:: Supplied records ::

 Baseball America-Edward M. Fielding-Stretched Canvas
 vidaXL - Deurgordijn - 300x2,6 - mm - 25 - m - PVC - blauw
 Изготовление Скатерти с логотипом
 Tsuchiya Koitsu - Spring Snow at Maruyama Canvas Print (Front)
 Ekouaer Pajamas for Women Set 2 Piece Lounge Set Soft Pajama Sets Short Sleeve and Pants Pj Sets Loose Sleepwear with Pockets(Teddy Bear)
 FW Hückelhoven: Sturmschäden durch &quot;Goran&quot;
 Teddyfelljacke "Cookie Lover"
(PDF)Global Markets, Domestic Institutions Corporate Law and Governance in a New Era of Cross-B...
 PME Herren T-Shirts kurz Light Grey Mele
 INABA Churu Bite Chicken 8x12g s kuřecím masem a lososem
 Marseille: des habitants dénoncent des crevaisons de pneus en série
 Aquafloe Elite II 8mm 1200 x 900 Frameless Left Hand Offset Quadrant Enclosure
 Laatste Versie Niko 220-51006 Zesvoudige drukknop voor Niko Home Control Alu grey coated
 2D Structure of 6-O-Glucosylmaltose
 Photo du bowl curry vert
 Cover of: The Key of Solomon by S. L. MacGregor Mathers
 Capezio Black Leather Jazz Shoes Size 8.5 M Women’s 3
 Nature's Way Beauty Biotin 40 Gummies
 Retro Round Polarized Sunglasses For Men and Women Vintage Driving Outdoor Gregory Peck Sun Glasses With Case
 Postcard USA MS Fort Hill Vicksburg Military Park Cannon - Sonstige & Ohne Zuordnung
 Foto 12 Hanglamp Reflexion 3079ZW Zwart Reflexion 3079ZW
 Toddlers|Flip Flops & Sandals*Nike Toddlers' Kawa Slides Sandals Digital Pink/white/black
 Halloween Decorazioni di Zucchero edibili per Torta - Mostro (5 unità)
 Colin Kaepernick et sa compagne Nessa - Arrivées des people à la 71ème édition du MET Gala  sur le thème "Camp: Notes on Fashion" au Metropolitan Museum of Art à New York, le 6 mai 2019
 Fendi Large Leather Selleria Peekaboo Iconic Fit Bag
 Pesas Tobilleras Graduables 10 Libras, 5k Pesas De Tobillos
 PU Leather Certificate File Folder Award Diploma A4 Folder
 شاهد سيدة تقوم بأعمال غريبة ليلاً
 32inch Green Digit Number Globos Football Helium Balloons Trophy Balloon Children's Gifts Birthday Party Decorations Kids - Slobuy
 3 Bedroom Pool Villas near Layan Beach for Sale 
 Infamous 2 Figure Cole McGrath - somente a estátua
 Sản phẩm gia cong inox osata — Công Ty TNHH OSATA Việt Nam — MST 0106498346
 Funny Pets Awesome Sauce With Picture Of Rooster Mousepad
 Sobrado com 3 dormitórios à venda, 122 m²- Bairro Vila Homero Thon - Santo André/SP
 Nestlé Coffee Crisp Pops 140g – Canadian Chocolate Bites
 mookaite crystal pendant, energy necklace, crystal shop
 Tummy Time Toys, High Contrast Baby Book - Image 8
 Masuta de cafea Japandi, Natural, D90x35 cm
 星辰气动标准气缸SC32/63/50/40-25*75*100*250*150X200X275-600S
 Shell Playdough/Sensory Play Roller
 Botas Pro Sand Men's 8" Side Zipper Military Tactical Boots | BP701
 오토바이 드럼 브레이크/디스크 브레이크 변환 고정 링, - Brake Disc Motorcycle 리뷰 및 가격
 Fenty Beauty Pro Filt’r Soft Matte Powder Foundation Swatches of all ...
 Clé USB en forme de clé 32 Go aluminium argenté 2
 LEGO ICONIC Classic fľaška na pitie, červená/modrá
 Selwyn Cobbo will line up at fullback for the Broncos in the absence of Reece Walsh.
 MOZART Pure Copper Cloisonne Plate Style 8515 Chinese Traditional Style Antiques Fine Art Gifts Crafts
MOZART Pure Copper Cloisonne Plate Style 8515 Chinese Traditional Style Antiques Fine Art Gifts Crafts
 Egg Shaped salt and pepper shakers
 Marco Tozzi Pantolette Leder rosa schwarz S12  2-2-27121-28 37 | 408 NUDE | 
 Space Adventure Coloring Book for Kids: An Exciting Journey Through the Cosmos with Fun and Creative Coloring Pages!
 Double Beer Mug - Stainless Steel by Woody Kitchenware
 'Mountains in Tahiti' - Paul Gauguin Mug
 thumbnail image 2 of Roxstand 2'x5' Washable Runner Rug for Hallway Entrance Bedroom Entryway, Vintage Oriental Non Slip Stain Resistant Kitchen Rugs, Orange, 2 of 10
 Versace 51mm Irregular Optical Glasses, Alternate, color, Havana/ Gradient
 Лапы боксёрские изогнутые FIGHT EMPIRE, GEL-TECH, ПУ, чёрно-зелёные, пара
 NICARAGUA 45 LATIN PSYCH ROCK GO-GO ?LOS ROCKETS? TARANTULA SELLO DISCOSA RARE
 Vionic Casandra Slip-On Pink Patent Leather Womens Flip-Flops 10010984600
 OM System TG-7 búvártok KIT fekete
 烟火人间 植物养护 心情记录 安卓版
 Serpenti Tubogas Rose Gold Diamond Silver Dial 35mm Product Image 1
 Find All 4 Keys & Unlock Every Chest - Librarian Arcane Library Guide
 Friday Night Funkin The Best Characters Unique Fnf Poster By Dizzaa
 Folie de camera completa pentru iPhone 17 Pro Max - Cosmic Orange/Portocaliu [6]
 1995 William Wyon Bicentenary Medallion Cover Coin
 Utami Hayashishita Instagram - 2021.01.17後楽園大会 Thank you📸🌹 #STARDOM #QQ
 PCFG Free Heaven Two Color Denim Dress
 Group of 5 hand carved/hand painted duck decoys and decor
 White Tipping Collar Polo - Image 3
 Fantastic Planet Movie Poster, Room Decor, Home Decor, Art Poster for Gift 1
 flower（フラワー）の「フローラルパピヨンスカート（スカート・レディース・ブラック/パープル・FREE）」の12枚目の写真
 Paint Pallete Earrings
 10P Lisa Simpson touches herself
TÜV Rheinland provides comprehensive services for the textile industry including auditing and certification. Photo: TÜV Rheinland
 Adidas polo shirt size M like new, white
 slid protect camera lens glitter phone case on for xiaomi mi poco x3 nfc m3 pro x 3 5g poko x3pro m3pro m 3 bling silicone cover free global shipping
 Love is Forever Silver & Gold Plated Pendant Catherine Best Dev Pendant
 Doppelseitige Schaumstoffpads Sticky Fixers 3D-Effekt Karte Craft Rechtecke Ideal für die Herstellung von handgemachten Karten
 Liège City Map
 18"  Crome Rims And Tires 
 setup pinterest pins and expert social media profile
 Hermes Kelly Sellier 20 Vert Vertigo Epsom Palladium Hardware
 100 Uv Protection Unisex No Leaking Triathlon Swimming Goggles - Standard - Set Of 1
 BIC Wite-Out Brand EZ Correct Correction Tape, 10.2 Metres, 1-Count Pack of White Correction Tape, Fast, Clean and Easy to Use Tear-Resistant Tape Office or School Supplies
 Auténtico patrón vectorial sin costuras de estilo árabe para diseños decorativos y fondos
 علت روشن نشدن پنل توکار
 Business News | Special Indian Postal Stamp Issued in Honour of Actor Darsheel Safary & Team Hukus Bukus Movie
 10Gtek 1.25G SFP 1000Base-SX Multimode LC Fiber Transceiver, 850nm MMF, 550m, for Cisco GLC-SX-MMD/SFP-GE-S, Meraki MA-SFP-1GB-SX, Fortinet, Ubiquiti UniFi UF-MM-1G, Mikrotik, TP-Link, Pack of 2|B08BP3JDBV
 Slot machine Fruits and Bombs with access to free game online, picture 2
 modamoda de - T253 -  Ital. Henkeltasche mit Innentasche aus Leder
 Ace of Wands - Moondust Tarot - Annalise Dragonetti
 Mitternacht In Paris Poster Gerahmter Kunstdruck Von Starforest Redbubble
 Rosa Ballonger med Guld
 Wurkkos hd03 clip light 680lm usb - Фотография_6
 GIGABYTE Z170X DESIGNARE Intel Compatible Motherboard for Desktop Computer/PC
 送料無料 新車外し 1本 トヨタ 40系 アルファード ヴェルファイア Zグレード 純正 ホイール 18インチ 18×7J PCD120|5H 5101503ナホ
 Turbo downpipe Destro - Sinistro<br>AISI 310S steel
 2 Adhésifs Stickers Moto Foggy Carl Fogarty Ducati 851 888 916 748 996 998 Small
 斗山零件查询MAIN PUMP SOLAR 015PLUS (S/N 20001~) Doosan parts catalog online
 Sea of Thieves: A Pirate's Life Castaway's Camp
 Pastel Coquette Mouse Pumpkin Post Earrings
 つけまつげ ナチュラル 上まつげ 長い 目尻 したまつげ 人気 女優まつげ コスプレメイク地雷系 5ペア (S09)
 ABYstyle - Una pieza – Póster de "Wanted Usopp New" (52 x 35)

:::

* What you should do
The answer should be one number: how many lines of the data above contain "Soft".

* Answer to this task
2